PROBLEM DESCRIPTION – Could you repeat the listing exactly, leaving out the pictures?

EXERCISE DATA –
§ §

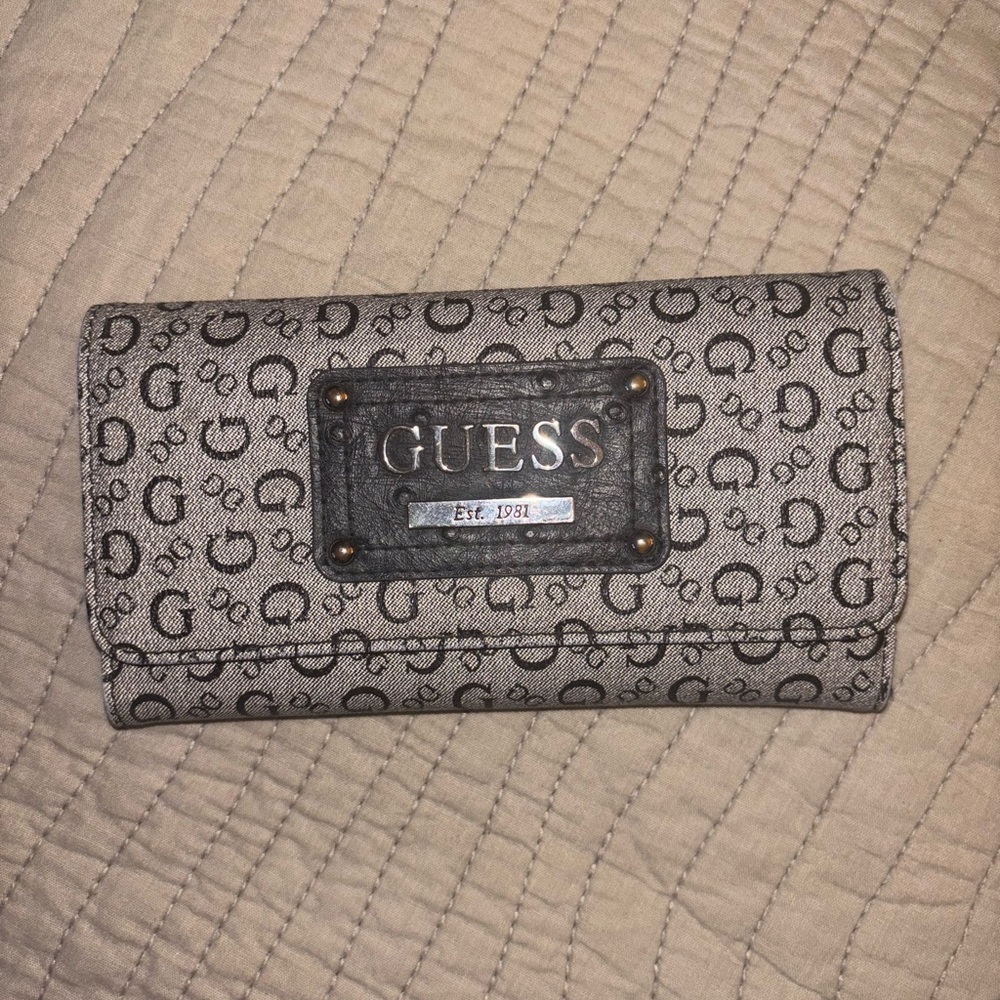 GUESS Monogrammed Gray Wallet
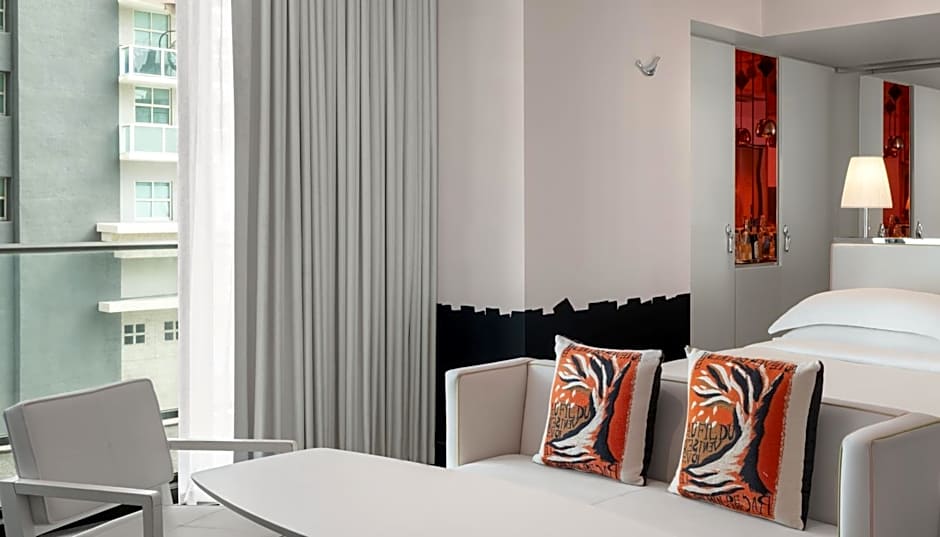 Dua Miami, Autograph Collection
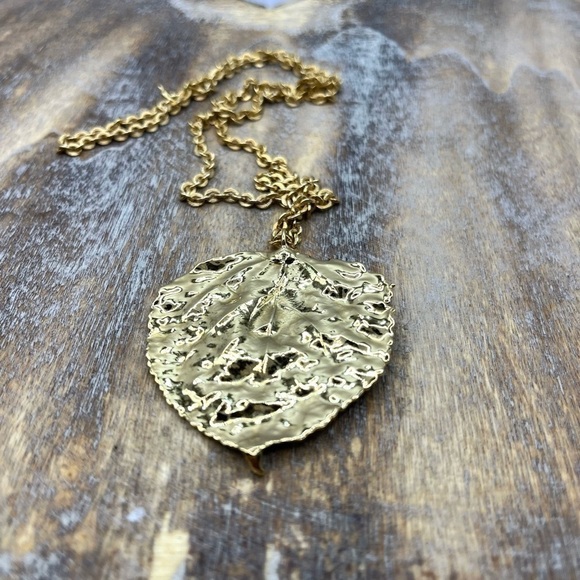 Leaf Pendant Shiny Gold Tone Necklace Beautiful symbolizes Growth 22” Length - Picture 5 of 7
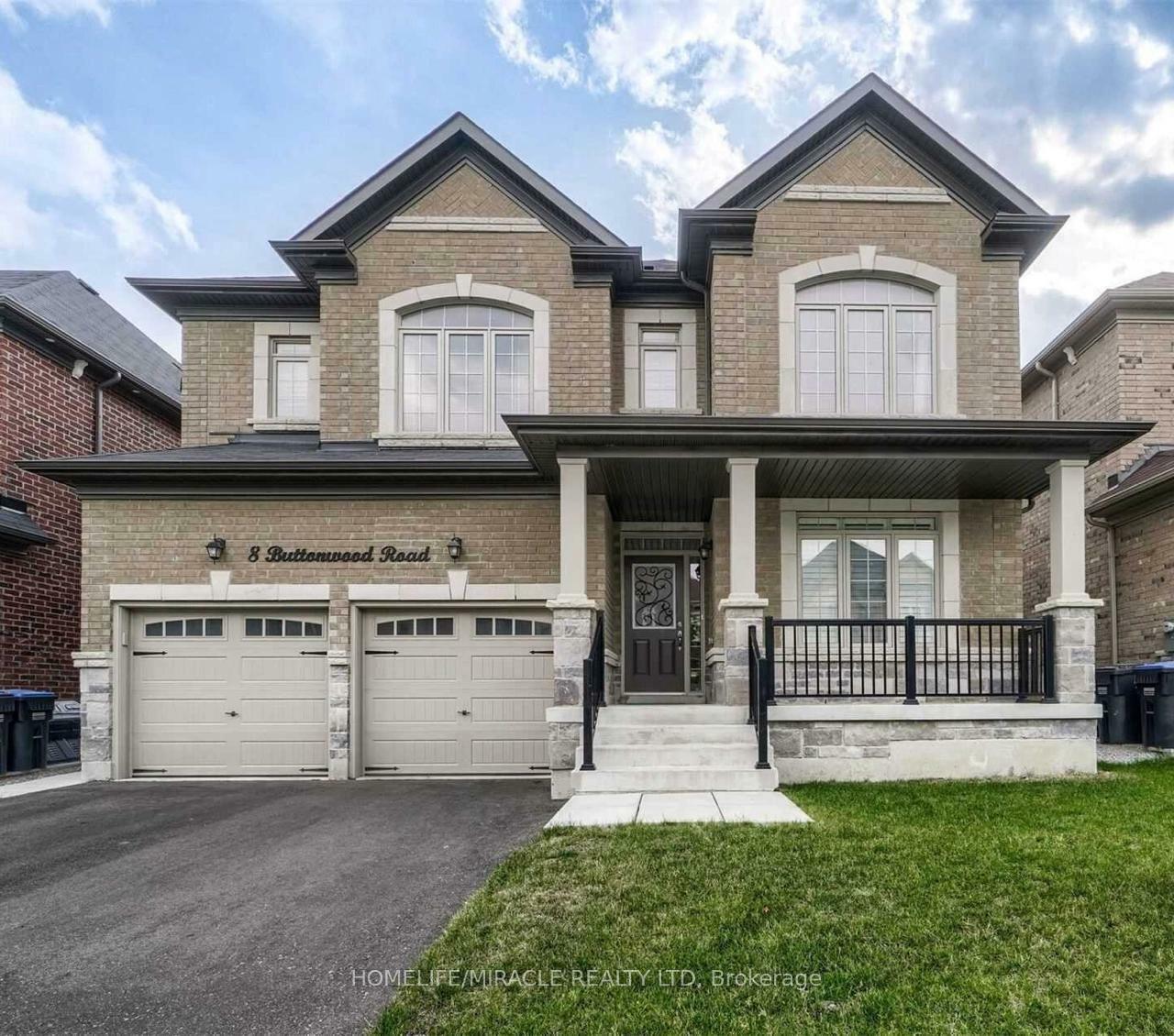 Property Photo: 8 Buttonwood Road ON L6P 4J9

§ §

EXERCISE ANSWER –
 GUESS Monogrammed Gray Wallet
 Dua Miami, Autograph Collection
 Leaf Pendant Shiny Gold Tone Necklace Beautiful symbolizes Growth 22” Length - Picture 5 of 7
 Property Photo: 8 Buttonwood Road ON L6P 4J9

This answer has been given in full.